---------- Material supplied
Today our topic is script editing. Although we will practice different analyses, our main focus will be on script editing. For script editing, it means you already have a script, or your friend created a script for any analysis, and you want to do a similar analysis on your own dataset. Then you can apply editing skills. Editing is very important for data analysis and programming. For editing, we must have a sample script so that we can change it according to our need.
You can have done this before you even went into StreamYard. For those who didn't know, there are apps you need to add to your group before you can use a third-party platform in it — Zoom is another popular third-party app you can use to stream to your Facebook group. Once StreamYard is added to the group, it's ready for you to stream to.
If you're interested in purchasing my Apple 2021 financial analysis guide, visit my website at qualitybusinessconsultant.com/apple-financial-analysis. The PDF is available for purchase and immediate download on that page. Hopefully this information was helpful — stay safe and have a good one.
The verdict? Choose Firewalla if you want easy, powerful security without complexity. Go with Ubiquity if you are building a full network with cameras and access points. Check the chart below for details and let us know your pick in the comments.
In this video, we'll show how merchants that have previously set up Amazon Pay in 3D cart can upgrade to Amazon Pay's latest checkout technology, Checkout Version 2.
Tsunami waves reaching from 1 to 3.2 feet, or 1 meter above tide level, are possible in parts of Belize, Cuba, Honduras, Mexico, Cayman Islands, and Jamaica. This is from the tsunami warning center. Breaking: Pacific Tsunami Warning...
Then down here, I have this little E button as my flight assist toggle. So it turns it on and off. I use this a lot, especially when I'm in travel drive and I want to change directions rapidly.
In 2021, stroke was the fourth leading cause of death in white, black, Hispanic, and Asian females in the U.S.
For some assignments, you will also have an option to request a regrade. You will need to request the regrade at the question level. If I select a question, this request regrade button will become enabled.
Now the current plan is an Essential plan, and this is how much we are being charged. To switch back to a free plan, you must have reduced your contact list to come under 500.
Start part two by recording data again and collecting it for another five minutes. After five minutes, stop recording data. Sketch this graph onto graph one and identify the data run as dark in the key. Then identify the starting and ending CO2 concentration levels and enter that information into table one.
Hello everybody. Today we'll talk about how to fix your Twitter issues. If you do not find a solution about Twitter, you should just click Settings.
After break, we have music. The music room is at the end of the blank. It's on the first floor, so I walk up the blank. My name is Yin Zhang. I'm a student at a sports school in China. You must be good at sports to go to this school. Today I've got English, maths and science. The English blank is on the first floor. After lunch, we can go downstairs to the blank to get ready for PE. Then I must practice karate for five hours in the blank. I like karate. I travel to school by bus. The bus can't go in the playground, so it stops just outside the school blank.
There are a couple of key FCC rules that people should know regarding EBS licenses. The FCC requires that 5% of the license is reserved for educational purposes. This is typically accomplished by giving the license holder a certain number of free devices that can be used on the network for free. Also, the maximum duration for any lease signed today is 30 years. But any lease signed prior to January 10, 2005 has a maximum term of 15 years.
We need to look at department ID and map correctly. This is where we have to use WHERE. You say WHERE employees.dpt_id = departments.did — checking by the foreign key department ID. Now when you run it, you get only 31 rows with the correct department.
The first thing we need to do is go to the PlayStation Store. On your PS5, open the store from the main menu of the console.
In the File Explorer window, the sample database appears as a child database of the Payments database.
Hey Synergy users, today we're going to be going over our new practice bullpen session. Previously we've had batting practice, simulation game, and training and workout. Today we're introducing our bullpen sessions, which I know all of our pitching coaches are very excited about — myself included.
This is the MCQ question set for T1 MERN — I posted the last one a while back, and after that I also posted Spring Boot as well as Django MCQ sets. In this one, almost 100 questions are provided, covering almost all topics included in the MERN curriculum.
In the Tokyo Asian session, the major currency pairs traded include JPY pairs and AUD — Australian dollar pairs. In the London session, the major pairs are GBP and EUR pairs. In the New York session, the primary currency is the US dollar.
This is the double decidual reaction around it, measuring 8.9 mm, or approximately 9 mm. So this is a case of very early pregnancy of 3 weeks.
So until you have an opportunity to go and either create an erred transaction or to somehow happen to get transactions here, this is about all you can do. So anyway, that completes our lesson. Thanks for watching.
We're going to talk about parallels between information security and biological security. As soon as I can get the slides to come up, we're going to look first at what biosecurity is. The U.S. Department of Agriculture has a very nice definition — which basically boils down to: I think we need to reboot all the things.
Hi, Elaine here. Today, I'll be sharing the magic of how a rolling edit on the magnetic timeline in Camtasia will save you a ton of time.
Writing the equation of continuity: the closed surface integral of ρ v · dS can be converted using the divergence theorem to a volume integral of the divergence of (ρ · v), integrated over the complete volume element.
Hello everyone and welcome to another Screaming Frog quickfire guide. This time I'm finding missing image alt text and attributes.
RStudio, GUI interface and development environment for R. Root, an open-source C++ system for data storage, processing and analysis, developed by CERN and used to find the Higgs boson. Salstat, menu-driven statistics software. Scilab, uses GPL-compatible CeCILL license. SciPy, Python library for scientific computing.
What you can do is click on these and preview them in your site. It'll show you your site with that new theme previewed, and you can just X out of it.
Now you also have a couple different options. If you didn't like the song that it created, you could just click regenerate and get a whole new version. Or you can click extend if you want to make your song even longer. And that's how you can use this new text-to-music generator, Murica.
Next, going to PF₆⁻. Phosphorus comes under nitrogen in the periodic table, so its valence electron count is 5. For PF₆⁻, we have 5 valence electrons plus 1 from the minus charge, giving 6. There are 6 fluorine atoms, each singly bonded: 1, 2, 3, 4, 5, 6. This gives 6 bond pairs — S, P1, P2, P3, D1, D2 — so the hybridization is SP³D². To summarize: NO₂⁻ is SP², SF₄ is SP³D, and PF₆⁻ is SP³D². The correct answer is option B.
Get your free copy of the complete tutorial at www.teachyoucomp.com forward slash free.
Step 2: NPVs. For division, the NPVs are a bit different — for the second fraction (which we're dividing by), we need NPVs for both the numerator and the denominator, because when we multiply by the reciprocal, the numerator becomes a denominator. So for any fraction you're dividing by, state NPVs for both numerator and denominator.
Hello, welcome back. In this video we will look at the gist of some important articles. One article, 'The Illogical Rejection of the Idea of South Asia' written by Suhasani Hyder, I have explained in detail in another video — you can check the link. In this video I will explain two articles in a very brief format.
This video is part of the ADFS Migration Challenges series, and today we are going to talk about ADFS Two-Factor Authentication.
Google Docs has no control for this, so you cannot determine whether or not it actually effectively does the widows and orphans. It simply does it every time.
--------------------
### How to complete this task
Extract from the records above the lines from the one containing "RStudio, GUI interface" to the one containing "Now you also", both lines included, exactly as they appear and with nothing else.

### Solution for this problem
RStudio, GUI interface and development environment for R. Root, an open-source C++ system for data storage, processing and analysis, developed by CERN and used to find the Higgs boson. Salstat, menu-driven statistics software. Scilab, uses GPL-compatible CeCILL license. SciPy, Python library for scientific computing.
What you can do is click on these and preview them in your site. It'll show you your site with that new theme previewed, and you can just X out of it.
Now you also have a couple different options. If you didn't like the song that it created, you could just click regenerate and get a whole new version. Or you can click extend if you want to make your song even longer. And that's how you can use this new text-to-music generator, Murica.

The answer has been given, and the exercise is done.